# What this task involves
For the material below, output exactly the span from the line with "Gildan Heavy Blend" to the line with "13sushisei034600790", including both, and nothing besides.

# Task input
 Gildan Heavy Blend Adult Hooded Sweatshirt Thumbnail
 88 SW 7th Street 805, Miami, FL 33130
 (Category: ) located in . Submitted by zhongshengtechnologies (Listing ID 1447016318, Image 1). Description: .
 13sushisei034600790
--
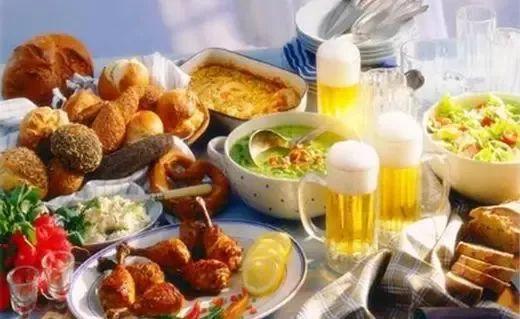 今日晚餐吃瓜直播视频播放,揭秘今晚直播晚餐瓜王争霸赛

# Written solution
 Gildan Heavy Blend Adult Hooded Sweatshirt Thumbnail
 88 SW 7th Street 805, Miami, FL 33130
 (Category: ) located in . Submitted by zhongshengtechnologies (Listing ID 1447016318, Image 1). Description: .
 13sushisei034600790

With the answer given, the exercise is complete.